The European Commission (EC), in its interpretation of a significant ruling by the Court of Justice of European Union recognized this need to balance efficiency and substantive equality. It observed that differential premium rates that are based on engine capacity must be permissible, even though statistically male drivers use cars with higher torque and horsepower. Further, sex and gender can also be used as a metric in association with other factors to set premium rates. For example, a female who is genetically pre-disposed to breast or ovarian cancer or male to prostate cancer would be expected to pay higher premium rates. The only exception to this rule, the EC opined, is labour and post-natal costs, which would not require additional premium payments from women, as a matter of social justice. A similar public policy exception can be traced in life insurance as well—women should not be expected to contribute more to annuity plans merely because women generally have higher life expectancy than men.

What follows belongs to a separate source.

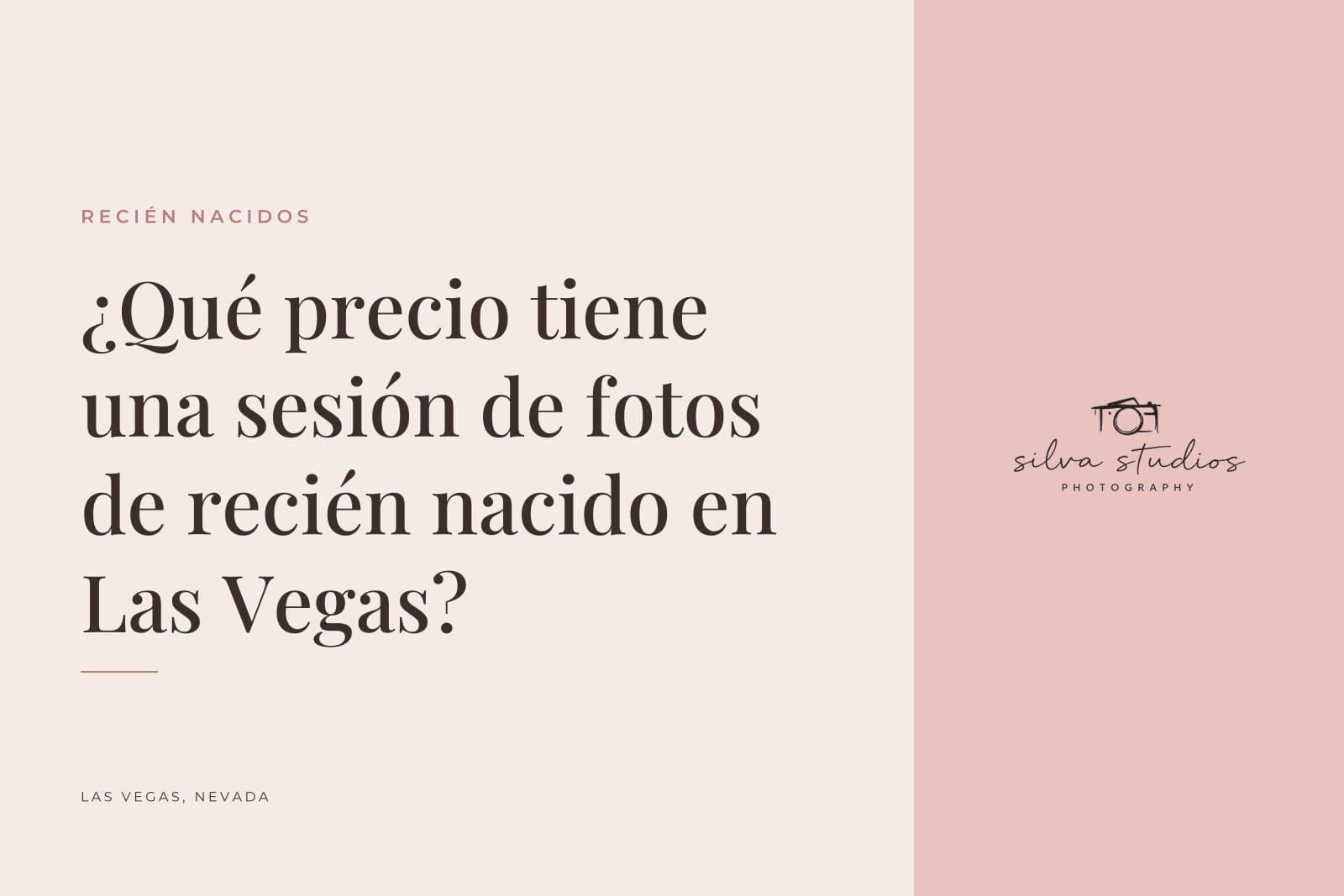 Portada del diario de Silva Studios Photography que dice "¿Qué precio tiene una sesión de fotos de recién nacido en Las Vegas?"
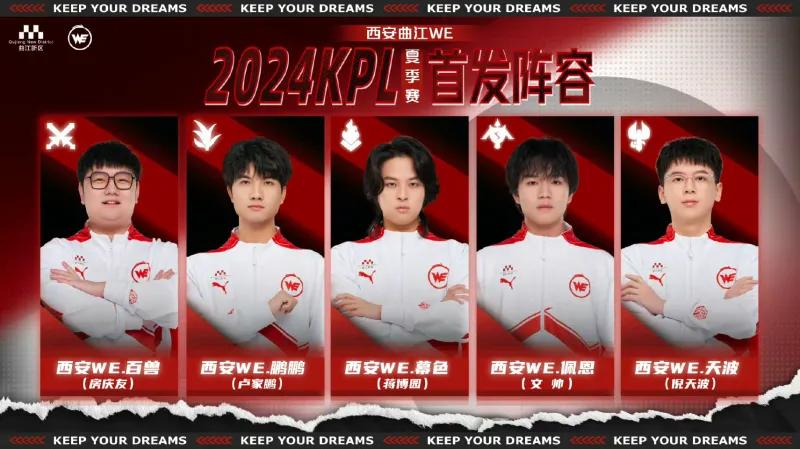 王者荣耀2024KPL夏季赛：西安WE首发阵容公布，迎战北京WB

In a sector like insurance which garners the attention of several interest groups, policy considerations require reasoning and engagement of all stakeholders. A solution that is solely based on a legal justification may not practically work. Similarly, a sound insurance practice that breaches the ideals of justice and equality would be subjected to immense public interest scrutiny. Therefore, optimal efficiency needs to be realised in conjunction with substantive equality. The EC’s attempt to navigate the paradox by identifying public policy exceptions to general insurance practices seems to be the way forward in reconciling complex efficiency-fairness debates.
Raghav Harini N is a lawyer based out of Mumbai, India.